Monday, October 14, 2019

Weekly Margin 2019, W41: The Inheritance - Part One

10/07/19: The Inheritance - Part One
What: A transfer from The New Vic/West End of Matthew Lopez's two-part epic play, which takes the narrative of E. M. Forster's Howards End and transports it to contemporary New York City, to explore the modern male gay experience, a generation whose mentors and cultural ancestors were wiped out by the AIDS epidemic.
And? This production has been hype hype hyped on its way to Broadway, celebrated as the next Angels in America. I think it's definitely worthy of the praise it's earned, though the likening to Kushner's (also) two-part creation is an unnecessary reduction, a lazy crutching on the fact that both plays are (primarily) about gay men in New York. The ambition and scope of the two works are entirely different, as is the style of writing and performance. Angels is about the soul of a country abandoned by the celestial and on the road to ruin; Inheritance is about a generation of men defying both abandonment and appropriation, holding on to each other, to their history, to themselves. Angels has the feel of the final days before the apocalypse; Inheritance is about what came after the end of the world (obviously, both plays are about a lot more, but this is my reduction) They're both important and moving works, but to lump the two together is to not bother to examine either particularly closely.
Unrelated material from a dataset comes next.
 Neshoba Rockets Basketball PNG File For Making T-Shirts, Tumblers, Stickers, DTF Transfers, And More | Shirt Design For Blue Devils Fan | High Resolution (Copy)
The Inheritance wins its way into my theater nerd heart very quickly, as it uses one of my favorite theatrical devices: activating the players as storytellers, telling each other the story even as they tell it to us. Bob Crowley's minimal design -- a raised platform, a collection of floor pillows and laptops, glasses of wine -- gives the actors nowhere to hide. But with this unified and dynamic cast, as directed by Stephen Daldry, there's no need to hide. I was surprised to realize how much of the play is just people talking, and how refreshing it is to see that that can still be good theater, in the right hands. This play is funny and honest and heartbreaking and elegant and naked and poignant. And I can't wait to see Part Two.